▶ **WORK REQUIRED**
Below is a listing to transcribe in full and exactly; keep the pictures out.

▶ **PROVIDED DATA**
==========

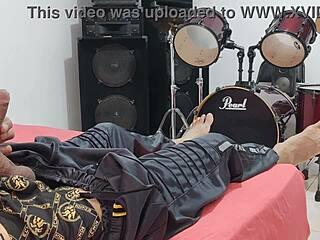 I Feel So Aroused Watching This Tall Man Dominate His Huge Monster Cock In Solo Masturbation Session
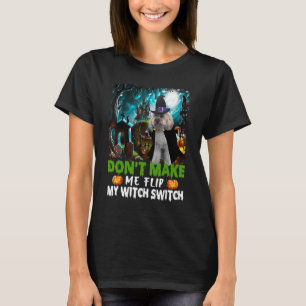 Camiseta No me hagas voltear a mi perro de Cockapoo Ha
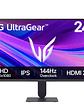 LG 24G411A-B Monitor 24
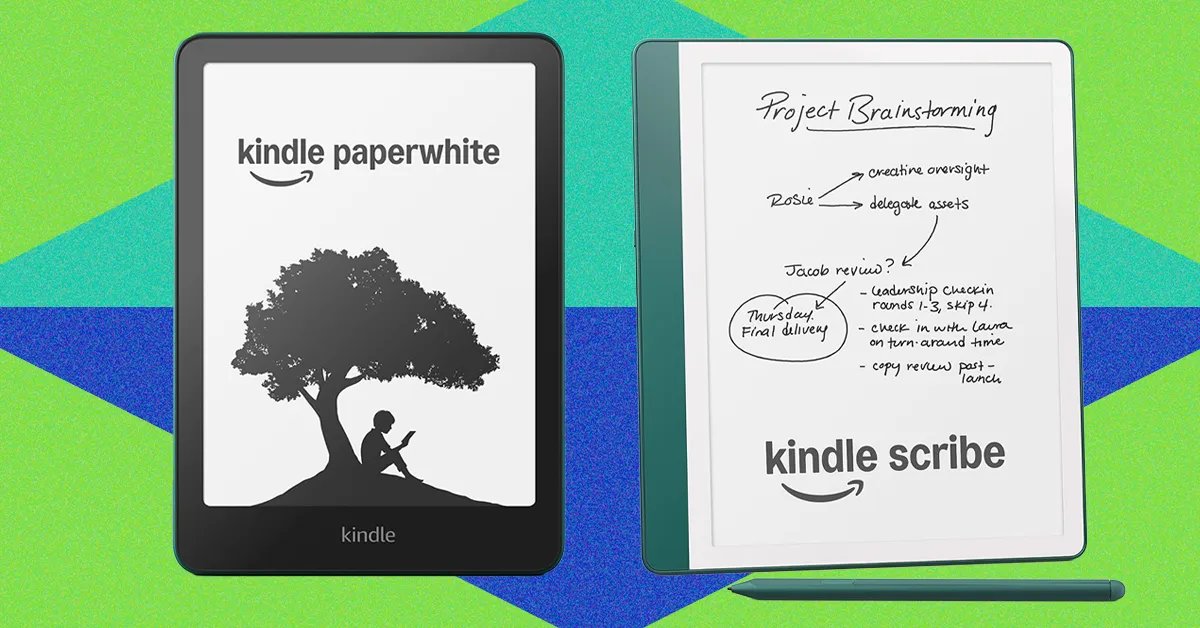 Kindle 2026: veja os modelos mais avançados lançados até agora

==========

▶ **SOLUTION TO THIS PROBLEM**
 I Feel So Aroused Watching This Tall Man Dominate His Huge Monster Cock In Solo Masturbation Session
 Camiseta No me hagas voltear a mi perro de Cockapoo Ha
 LG 24G411A-B Monitor 24
 Kindle 2026: veja os modelos mais avançados lançados até agora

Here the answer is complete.